Comparison of Large Language Models in Diagnosis and Management of Challenging Clinical Cases.
Purpose: Compare large language models (LLMs) in analyzing and responding to a difficult series of ophthalmic cases.
Design: A comparative case series involving LLMs that met inclusion criteria tested on twenty difficult case studies posed in open-text format.
Methods: Fifteen LLMs accessible to ophthalmologists were tested against twenty case studies published in JAMA Ophthalmology. Each case was presented in identical, open-ended text fashion to each LLM and open-ended responses regarding differential diagnosis, next diagnostic tests and recommended treatments were requested. Responses were recorded and assessed for accuracy against published correct answers. The main outcome was accuracy of LLMs against the correct answers. Secondary outcomes included comparative performance on the differential diagnosis, ancillary testing, and treatment subtests; and readability of responses.
Results: Scores were normally distributed and ranged from 0-35 (with a maximum score of 60) with a mean ± standard deviation of 19 ± 9. Scores for three of the LLMs (ChatGPT 3.5, Claude Pro, and Copilot Pro) were statistically significantly higher than the mean. Two of the high-performing LLMs were paid subscription (Claude Pro and Copilot Pro) and one was free (ChatGPT 3.5). While there were no clinical or statistical differences between ChatGPT 3.5 and Claude Pro, a separation of +5 points, or 0.56 standard deviations, between Copilot Pro and the other highly ranked LLMs was present.

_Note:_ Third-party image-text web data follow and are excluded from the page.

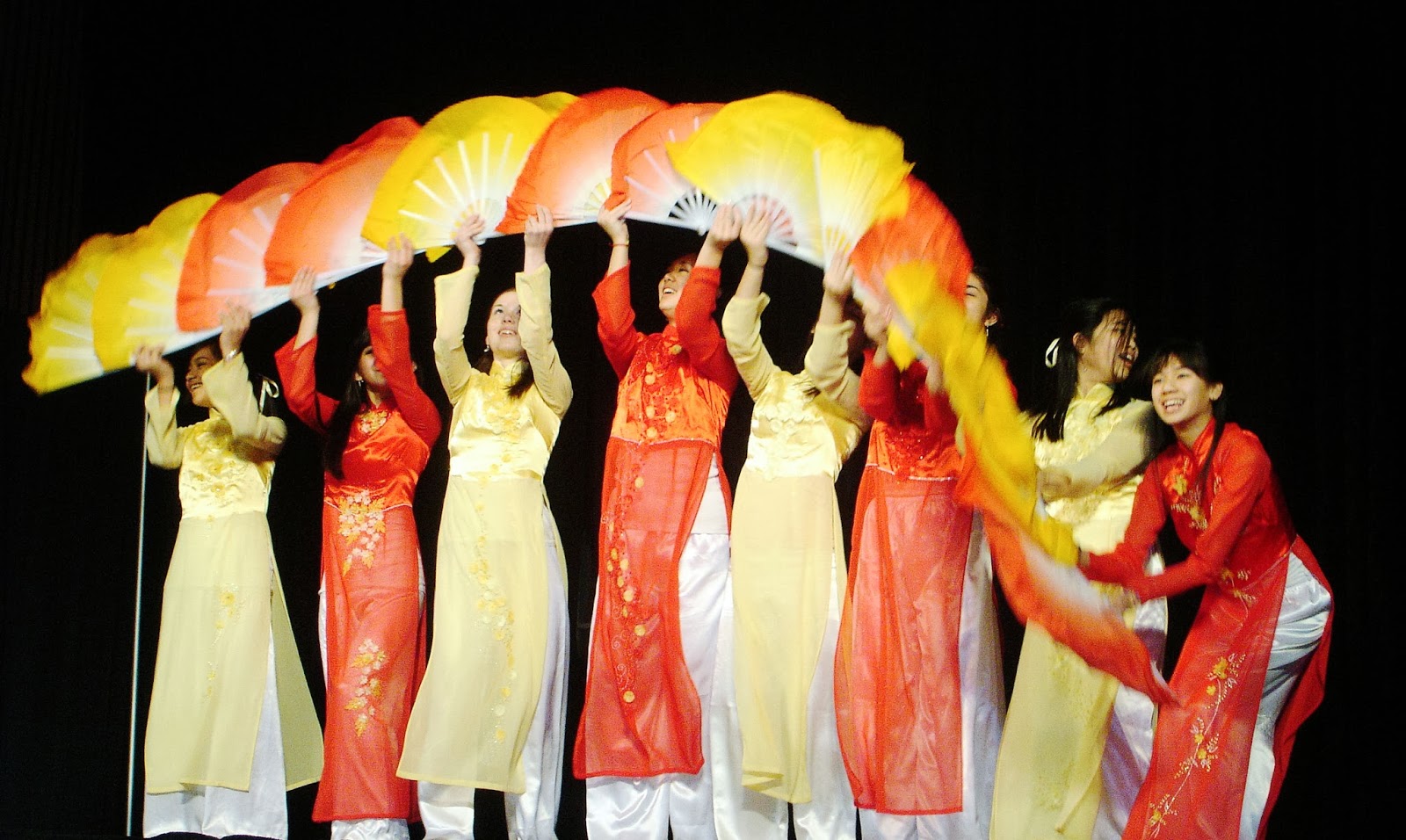The Beauty Of China Chinese Fan Dance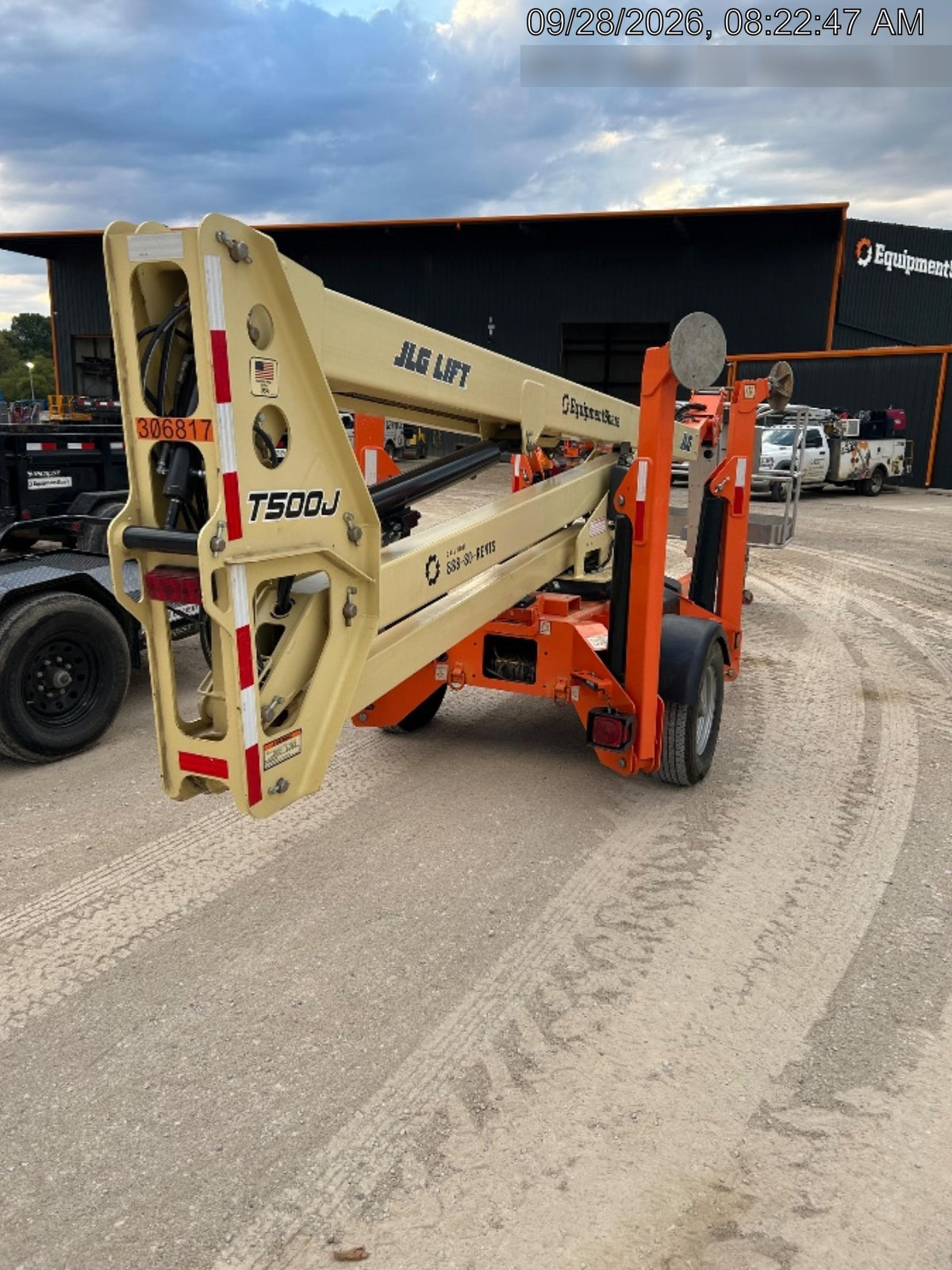 2023 JLG T500J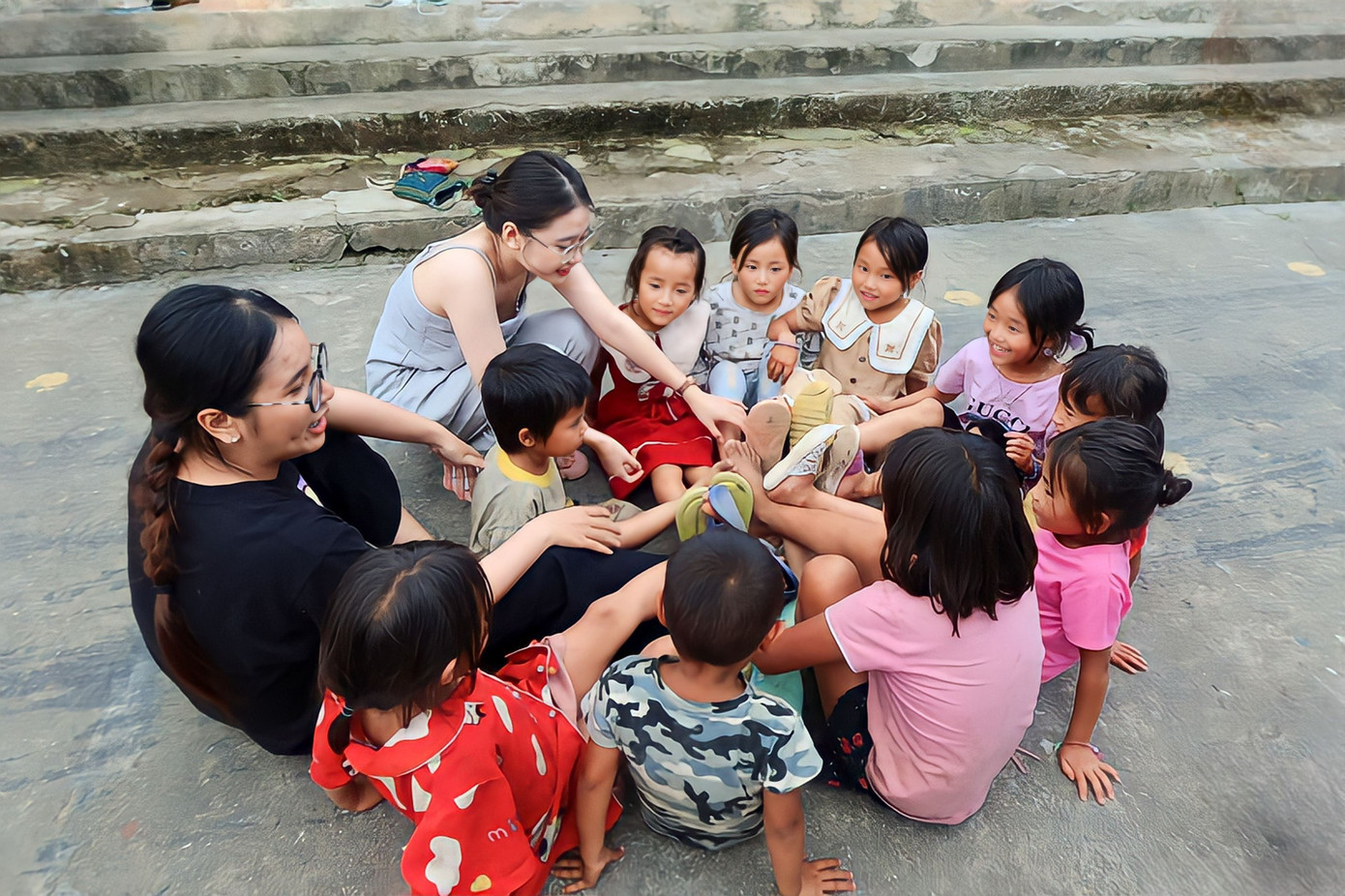 Liên tham gia tình nguyện giúp đỡ các em bé vùng cao. Liên tham gia tình nguyện giúp đỡ các em bé vùng cao.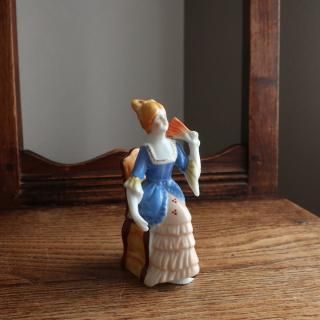 Vintage 1950s Ceramic Lady Figurine object (A982)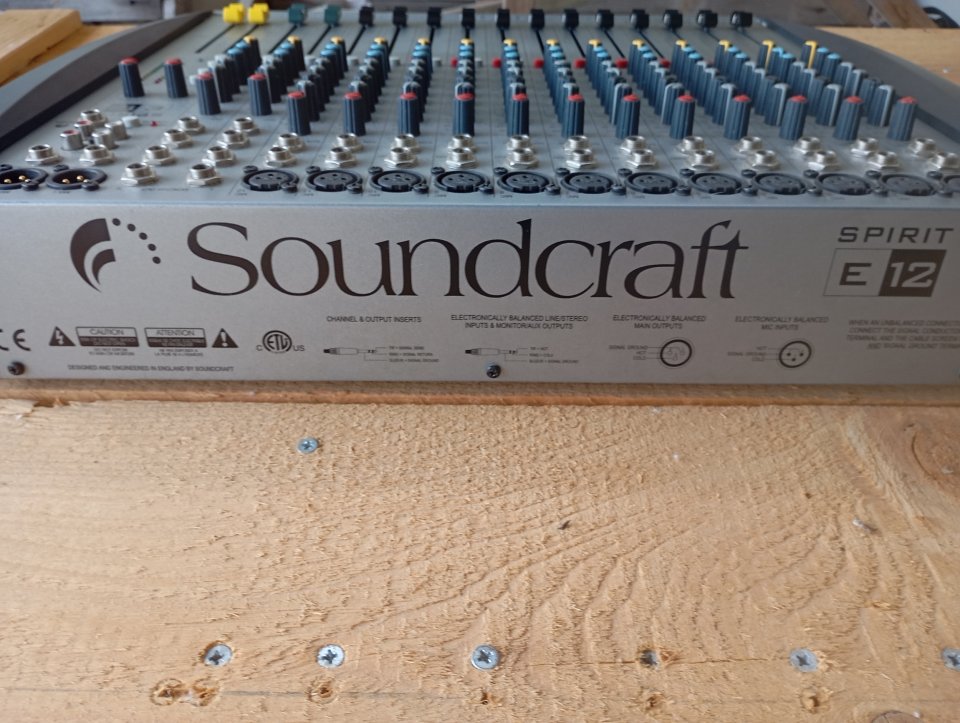 Soundcraft Spirit E12 de segunda mano · Foto 5 de 5 · Girona · 125 €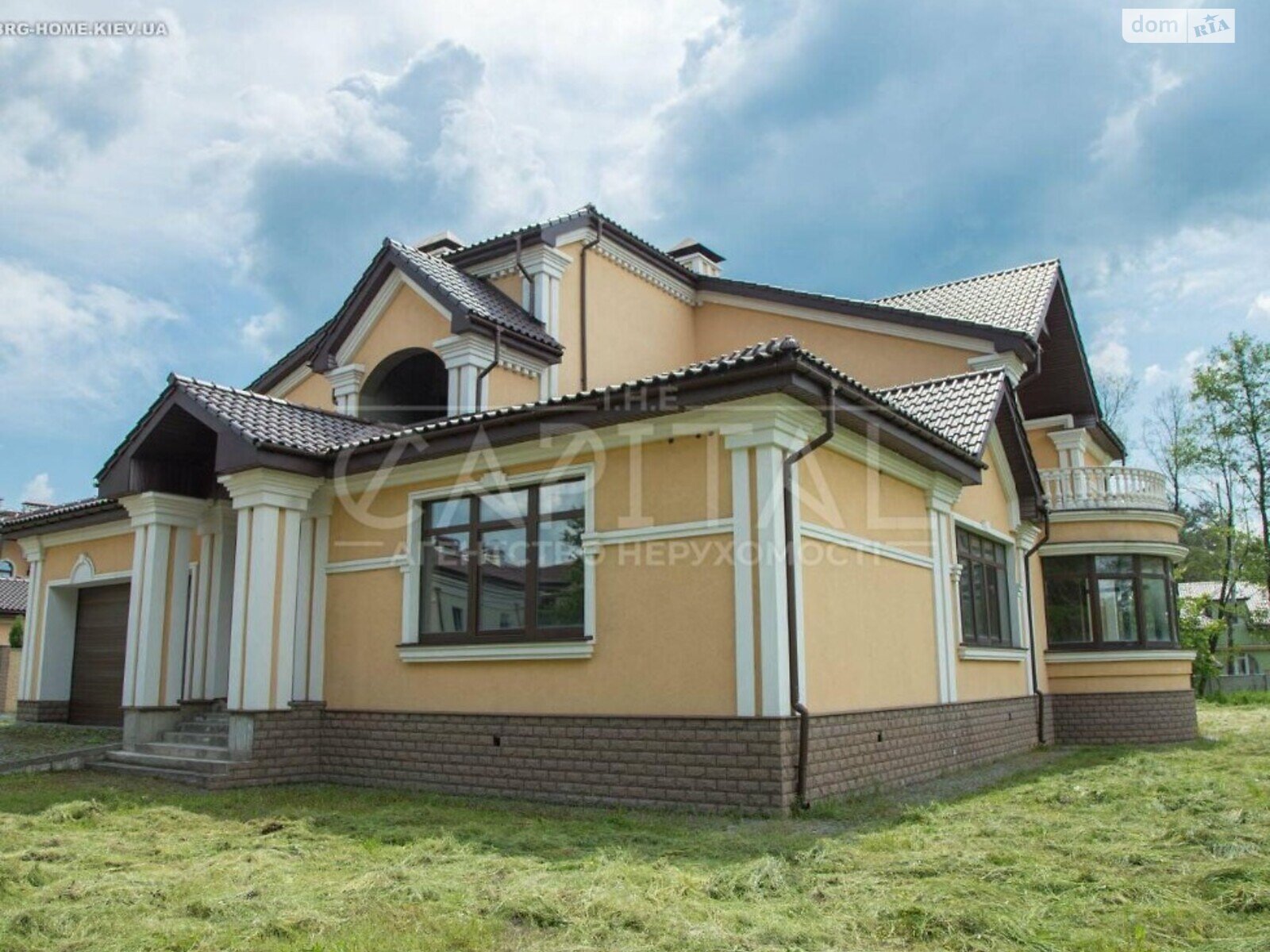 двоповерховий будинок з ремонтом, 585 кв. м, цегла. Продаж у Підгірцях фото 1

Readability of all tested programs were above the AMA (American Medical Association) reading level recommendations to public consumers of eight grade.
Conclusion: Subscription LLMs were more prevalent among highly ranked LLMs suggesting that these perform better as ophthalmic assistants. While readability was poor for the average person, the content was understood by a board-certified ophthalmologist. The accuracy of LLMs is not high enough to recommend patient care in standalone mode, but aiding clinicians in patient care and prevent oversights is promising.